Google also explicitly don't really respect the disallow rules:

> However, robots.txt Disallow does not guarantee that a page will not appear in results: Google may still decide, based on external information such as incoming links, that it is relevant. If you wish to explicitly block a page from being indexed, you should instead use the noindex robots meta tag or X-Robots-Tag HTTP header. In this case, you should not disallow the page in robots.txt, because the page must be crawled in order for the tag to be seen and obeyed. [0]

[0] https://developers.google.com/search/docs/advanced/robots/ro...

Googlebot also doesn't respect crawl delays in robots.txt.
So they respect “do not track” headers?
No, but almost everyone ignored it and it never matured out of Candidate Recommendation:

> Efforts to standardize Do Not Track by the W3C in the Tracking Preference Expression (DNT) Working Group reached only the Candidate Recommendation stage and ended in September 2018 due to insufficient deployment and support. [...] Despite supporting it in its Chrome web browser, Google did not implement support for DNT on its websites, and directed users to its online privacy settings and opt-outs for interest-based advertising instead. The Digital Advertising Alliance, Council of Better Business Bureaus and the Direct Marketing Association does not require its members to honor DNT signals.

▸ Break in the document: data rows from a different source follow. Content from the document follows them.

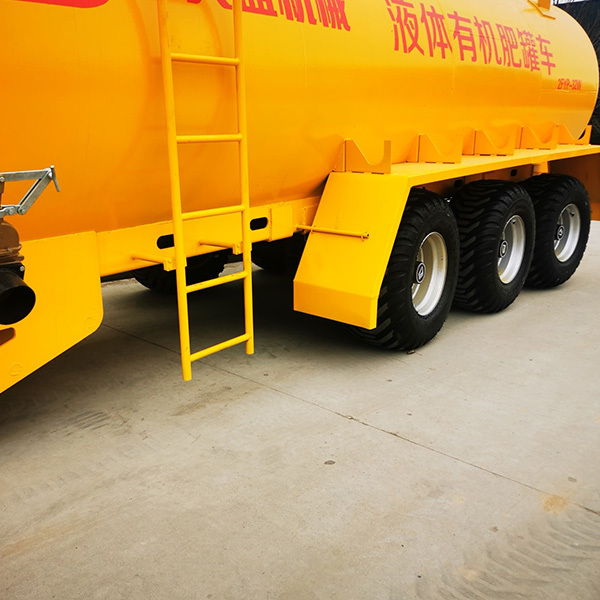 Tiansheng Machinery 2FGYP-32 Liquid Fertilizer Application Tank Truck, Liquid Fertilizer Spreader, Sewage Sludge Application Tank Truck, Sewage Sludge Returning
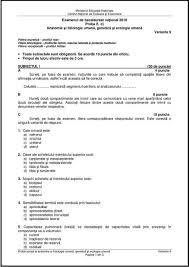 Bac 2018 La Anatomie Subiectele Date La Anatomie La Bacalaureat 2018 Libertatea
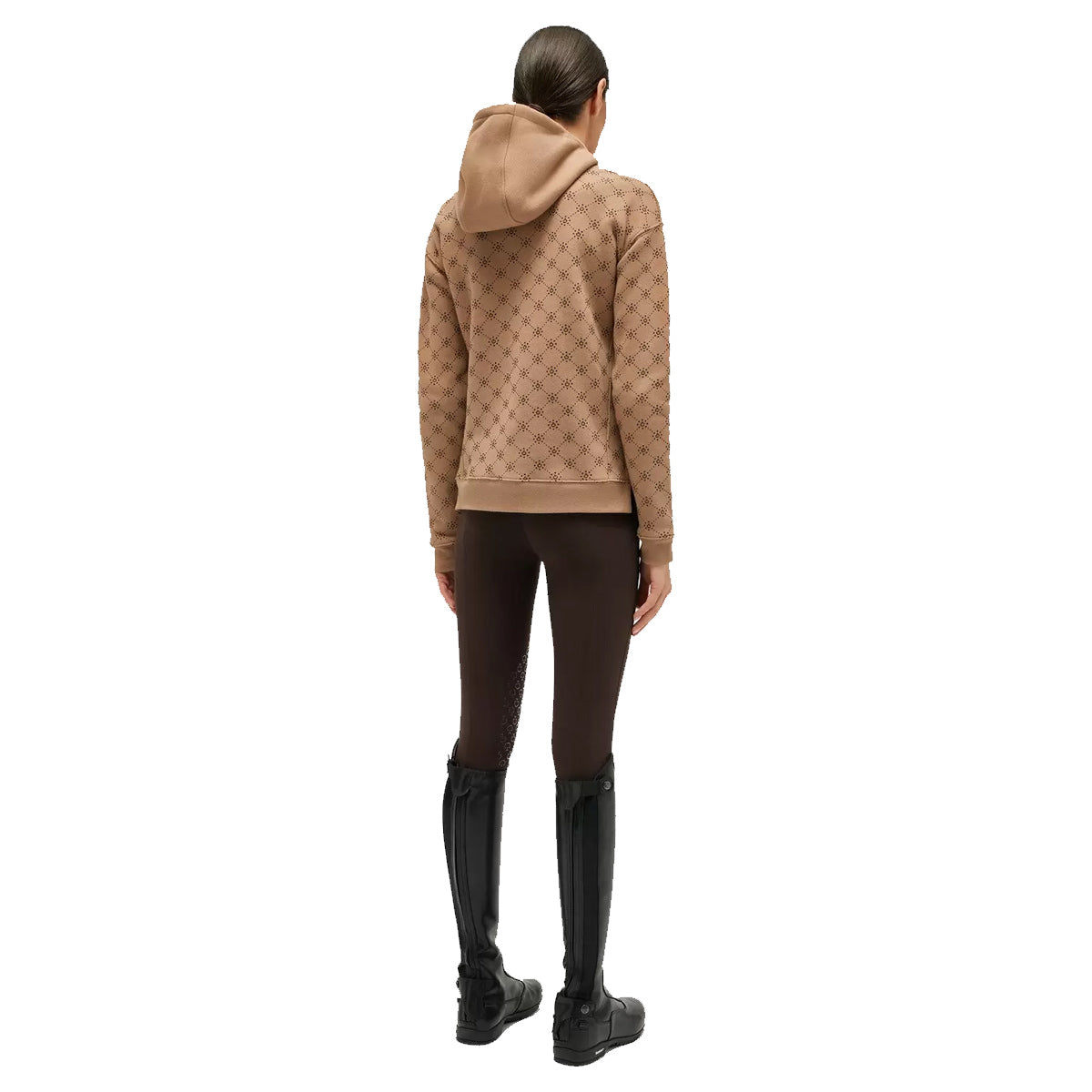 CAVALLERIA TOSCANA Cavalleria Toscana Felpe E Pull 31CT-FED118CO1294300 Marrone 31CT-FED118CO129 4300CACAO 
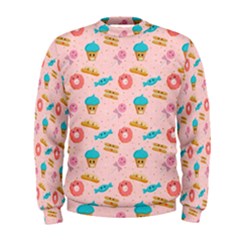 Funny Sweets With Teeth Men s Sweatshirt by SychEva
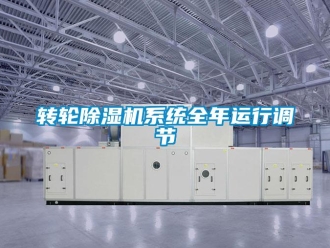 知識百科轉(zhuǎn)輪除濕機系統(tǒng)全年運行調(diào)節(jié)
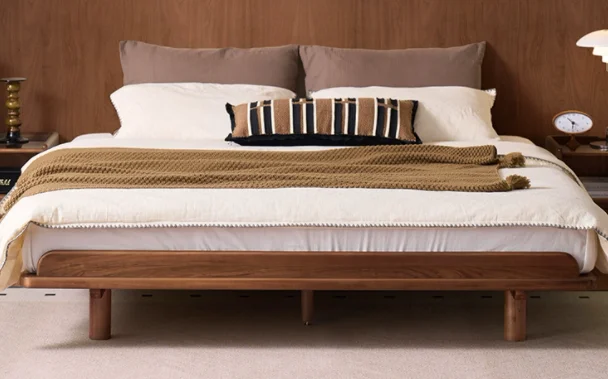Bed Frame Without Headboard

Source: https://en.wikipedia.org/wiki/Do_Not_Track

Not that long ago there was a story about the google analytics opt out addon at https://tools.google.com/dlpage/gaoptout not doing anything.
>They've been respecting robots.txt

sorry, wasn't meaning to imply Googs ignores robots.txt. I was going for conceptually it is easy to ignore it, just as it is easy, conceptually, to ignore HTTP headers.

>and tracking opt-outs for years, right?

is this provable? if i opt-out with my g-account in the browser on a desktop, that should imply i want out of all tracking, yet you have to do it on each app on each platform. it's wack-a-mole that is impossible to win.